I read something this morning that struck me as something I should have seen on my own but never did. A writer was commenting on the 10 Commandments. Now amongst Lutherans we tend to speak of Law and Gospel as separate things, each of which has it’s own purpose in God’s design, but they are not to be confused. Martin Luther said you weren’t a real theologian until to could rightly divide the two.
Typically we say the Law has 3 purposes. First, it shows us God’s will. I like to compare this to a curb in the street–it shows us where the edge is and we know if we go over it we’ve messed up. You can’t drive on the sidewalk. The second purpose or use of the Law is that it is a mirror. When I look into it I see myself as a sinner for I have violated every one of God’s commandments. And the third use of the Law is that it is a guide for our lives. Not only do we where the edge is, we are also told how to move and live in the area between the curbs.
All of that is pretty standard stuff among Lutherans. But this morning I learned something new about it. God does not give the Law to the people of Israel until after He has rescued them from slavery. First He saved them, and then He gave them the Law. Salvation first, then duty, if you will.

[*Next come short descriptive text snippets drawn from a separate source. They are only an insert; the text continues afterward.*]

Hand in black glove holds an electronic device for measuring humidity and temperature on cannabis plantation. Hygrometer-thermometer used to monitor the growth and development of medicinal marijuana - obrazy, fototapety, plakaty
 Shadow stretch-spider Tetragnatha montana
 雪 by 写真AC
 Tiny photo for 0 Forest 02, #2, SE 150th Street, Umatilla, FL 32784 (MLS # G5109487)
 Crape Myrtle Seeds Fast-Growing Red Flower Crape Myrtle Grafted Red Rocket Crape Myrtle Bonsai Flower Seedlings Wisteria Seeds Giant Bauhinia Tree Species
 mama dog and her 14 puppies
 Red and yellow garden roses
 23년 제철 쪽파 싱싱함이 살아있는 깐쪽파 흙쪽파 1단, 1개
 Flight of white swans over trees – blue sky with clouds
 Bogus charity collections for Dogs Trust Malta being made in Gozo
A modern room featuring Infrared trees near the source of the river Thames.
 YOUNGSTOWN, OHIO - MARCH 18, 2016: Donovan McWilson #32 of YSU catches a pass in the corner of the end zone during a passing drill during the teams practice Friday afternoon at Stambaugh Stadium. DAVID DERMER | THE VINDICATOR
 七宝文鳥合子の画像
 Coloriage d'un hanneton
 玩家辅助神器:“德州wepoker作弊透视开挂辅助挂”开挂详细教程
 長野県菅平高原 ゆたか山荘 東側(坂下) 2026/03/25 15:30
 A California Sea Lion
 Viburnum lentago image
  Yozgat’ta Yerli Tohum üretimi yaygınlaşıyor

For those who do not know Jesus as Lord the Law is a daunting thing. It seems merely to tell us what we can’t do and, stubborn and self centered as we are, we recent that. So while we might give lip service to the Commandments as good things, we actually don’t like them. But when the Holy Spirit brings us to faith through the proclamation of the Gospel, the Law we [secretly] hated now seems beautiful to us. Now we don’t grumble about what God wants of us, we are overjoyed that we get to follow His will.
When we apply that insight to the situation of the giving of the Law we see that God’s work in the desert foreshadowed the work of Christ for us. First we are saved–then we love the work God prepared for us to walk in before time even began.
Without God’s antecedent work of salvation the Law is our enemy, but afterwards we can see it for what it truly is–a gift from God to His people.